I’ve played all the Professor Layton games, and reviewed several of them on this blog.  In the abstract I think really highly of this series, but as I was putting together my thoughts on this one, I went back and read what I had written about the last three games in the series, including Professor Layton Vs Phoenix Wright, I realized that I had similar complaints about those games to the ones I have with this game.

I still don’t like the split between tapping the bottom screen and the cursor on the top screen, the game feels padded out, with puzzles spread far too thin, and I don’t think those puzzles are as good as the used to be.  The new complaint with Layton’s Mystery Journey is that now the story is purely episodic and of the game’s 12 episodes, only about three of them feel like they really matter. While I mostly enjoyed my time with the game, when I finished I was really ready to be done with it.  After a few days to cool off, I feel a little more fondness for the game, though I think that this is the first time my annoyances finally outweighed my enjoyment.

I’ve complained about my problems with the cursor before and I still have them.  It is makes me a little nauseous managing that split between top and bottom screens. I’ve complained about the length before.  I’ll have to go back and check the DS games, but this feels like a 12 hour game stretched out to take nearly 20.  With Layton v Wright, I complained about the puzzles, but I thought it was just because that game was a spin off. The puzzles here feel imprecise.  They aren’t perfectly crafted to make you think or mess with you assumptions, these just feel imprecise.  Sometimes the wording is so vague it nearly impossible to tell what the puzzle is.  There are still plenty of good puzzles, but there are way too many weak or simply bad ones.
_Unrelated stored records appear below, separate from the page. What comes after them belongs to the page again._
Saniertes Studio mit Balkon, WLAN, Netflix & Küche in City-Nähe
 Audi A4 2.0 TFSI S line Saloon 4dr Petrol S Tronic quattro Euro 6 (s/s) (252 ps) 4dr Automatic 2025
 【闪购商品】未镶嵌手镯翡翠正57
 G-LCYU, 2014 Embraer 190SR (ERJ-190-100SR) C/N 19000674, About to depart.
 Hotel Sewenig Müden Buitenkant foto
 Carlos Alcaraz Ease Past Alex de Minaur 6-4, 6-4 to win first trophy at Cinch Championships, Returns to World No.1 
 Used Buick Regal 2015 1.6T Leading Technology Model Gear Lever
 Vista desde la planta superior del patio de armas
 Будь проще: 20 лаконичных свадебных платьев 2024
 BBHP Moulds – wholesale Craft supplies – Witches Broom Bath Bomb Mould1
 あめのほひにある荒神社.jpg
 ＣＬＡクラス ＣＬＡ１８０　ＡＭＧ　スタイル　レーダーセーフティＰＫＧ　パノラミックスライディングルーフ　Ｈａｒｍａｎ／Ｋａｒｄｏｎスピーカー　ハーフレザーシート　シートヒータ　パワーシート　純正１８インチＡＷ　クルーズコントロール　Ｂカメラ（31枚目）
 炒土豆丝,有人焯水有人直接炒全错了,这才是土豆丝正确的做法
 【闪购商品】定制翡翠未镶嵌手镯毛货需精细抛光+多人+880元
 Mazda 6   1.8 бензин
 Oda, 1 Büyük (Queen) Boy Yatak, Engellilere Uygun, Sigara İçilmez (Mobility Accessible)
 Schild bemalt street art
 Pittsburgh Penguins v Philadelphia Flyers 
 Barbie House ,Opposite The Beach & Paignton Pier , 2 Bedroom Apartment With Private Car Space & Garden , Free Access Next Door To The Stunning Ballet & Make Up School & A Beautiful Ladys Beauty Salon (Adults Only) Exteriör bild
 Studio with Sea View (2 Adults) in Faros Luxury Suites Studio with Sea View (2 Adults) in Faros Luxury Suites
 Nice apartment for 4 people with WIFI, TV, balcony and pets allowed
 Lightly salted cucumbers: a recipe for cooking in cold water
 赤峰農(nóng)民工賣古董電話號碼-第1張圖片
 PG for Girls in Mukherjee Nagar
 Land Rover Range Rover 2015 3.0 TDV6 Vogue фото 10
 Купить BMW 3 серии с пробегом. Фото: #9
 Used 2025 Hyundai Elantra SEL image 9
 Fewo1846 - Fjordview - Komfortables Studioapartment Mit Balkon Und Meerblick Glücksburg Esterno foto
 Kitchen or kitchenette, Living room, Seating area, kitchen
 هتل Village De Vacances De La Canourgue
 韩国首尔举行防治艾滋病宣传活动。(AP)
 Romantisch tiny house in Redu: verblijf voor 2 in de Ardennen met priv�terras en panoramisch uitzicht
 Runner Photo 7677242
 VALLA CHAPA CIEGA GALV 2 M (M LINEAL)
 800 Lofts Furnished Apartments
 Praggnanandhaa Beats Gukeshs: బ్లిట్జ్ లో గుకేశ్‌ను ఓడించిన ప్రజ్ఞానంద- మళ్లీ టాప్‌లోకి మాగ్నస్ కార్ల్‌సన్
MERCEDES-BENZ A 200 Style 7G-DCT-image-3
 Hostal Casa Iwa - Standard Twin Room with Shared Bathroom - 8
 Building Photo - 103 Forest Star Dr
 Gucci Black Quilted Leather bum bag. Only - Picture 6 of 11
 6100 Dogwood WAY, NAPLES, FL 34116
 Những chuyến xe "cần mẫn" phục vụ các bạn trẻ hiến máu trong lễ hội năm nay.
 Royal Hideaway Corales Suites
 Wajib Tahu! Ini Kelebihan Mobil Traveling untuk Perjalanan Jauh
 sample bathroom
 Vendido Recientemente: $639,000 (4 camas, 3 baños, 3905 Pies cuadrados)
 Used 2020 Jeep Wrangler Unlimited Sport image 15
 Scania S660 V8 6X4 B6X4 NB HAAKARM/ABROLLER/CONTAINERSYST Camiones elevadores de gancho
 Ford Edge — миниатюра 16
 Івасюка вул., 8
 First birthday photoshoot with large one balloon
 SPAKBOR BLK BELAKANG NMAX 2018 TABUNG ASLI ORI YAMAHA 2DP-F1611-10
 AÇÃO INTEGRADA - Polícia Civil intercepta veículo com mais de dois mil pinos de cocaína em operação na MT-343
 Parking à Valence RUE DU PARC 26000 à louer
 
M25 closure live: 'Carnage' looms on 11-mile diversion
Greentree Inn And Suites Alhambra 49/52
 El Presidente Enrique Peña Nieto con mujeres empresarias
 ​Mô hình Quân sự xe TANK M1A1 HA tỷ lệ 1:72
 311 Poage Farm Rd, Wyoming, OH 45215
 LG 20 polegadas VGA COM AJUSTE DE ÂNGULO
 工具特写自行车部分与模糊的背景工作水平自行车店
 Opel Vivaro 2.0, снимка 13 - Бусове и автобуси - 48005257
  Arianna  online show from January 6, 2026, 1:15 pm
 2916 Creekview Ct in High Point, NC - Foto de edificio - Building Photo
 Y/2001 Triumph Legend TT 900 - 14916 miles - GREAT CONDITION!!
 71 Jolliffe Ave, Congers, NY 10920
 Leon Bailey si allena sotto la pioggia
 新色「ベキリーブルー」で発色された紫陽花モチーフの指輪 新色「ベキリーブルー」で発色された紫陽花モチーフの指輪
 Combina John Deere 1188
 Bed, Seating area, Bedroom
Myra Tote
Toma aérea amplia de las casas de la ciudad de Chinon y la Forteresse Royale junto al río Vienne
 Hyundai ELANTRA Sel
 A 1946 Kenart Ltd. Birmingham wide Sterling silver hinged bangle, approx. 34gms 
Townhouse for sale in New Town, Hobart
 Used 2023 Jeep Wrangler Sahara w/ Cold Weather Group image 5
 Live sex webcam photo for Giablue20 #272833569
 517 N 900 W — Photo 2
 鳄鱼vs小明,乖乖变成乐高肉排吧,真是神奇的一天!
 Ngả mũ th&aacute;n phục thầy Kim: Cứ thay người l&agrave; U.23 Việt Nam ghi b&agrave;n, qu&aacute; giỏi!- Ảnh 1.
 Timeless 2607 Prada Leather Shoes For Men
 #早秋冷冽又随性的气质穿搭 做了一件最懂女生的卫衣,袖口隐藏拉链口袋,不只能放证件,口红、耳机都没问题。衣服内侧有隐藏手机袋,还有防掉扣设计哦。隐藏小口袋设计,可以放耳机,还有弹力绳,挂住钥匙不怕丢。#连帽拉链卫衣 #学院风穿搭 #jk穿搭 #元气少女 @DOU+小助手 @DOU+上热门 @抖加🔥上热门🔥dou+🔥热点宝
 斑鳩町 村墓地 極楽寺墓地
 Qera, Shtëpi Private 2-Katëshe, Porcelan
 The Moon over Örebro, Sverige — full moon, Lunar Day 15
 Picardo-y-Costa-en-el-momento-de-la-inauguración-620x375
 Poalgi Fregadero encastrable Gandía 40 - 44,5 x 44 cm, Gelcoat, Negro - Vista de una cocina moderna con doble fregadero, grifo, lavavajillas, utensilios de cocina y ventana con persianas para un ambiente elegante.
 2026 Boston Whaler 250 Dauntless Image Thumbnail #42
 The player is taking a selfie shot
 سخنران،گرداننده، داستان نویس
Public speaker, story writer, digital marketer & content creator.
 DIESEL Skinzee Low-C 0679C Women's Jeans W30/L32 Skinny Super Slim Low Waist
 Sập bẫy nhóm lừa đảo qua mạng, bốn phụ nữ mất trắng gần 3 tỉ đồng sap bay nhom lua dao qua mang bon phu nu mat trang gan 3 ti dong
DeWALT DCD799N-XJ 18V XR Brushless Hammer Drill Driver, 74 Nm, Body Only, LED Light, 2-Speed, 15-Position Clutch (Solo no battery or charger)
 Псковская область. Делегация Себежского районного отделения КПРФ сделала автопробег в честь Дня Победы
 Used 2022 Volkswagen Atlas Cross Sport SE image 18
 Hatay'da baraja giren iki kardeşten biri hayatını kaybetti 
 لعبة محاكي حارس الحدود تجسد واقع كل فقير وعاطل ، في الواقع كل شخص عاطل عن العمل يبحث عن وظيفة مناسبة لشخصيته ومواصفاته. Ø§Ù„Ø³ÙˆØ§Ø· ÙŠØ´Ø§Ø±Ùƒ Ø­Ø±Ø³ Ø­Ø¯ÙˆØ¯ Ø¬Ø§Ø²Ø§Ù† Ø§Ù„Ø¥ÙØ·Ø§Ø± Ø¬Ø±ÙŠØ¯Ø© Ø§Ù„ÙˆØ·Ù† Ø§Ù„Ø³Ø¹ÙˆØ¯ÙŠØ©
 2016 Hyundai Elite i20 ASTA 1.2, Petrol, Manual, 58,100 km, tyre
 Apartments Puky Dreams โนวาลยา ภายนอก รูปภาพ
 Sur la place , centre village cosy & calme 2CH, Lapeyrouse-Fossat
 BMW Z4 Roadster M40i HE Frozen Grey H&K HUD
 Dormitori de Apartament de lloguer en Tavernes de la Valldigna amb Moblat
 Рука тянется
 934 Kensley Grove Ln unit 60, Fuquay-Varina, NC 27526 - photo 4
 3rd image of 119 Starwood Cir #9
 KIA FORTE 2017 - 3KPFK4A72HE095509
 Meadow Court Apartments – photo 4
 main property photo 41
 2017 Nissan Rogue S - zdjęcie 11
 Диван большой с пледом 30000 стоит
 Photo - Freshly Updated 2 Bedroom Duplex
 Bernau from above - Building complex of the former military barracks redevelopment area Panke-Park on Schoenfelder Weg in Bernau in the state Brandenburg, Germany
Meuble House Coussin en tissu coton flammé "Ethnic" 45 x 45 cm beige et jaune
The story is the other big problem.  The structure fails this game utterly.  If there was an initial mystery that lead to all the other cases it would have felt like a real story, but instead it just introduces a bunch of characters before moving to a toothless epic final showdown.  It does start with a pair of mysteries, one involving the disappearance of Professor Layton and the other having to do with Sherl, the talking dog that shows up at new protagonist Katrielle’s shop.  Those mysteries are not dealt with at all.  Professor Layton is gone, as are all the characters from the previous 6 games, and Katrielle has a talking dog. Instead of dealing with either of them, you spend most of the game solving non-mysteries for the police, with a few good ones mixed.

I don’t really have a problem with change in cast, it was time for a refresh, but other than changing out the cast, the only change this made to the series was a downgrade in puzzle quality. This is still largely the same game as the last few in the series, but the returns are really diminishing now. I hope the next game gets things back on track.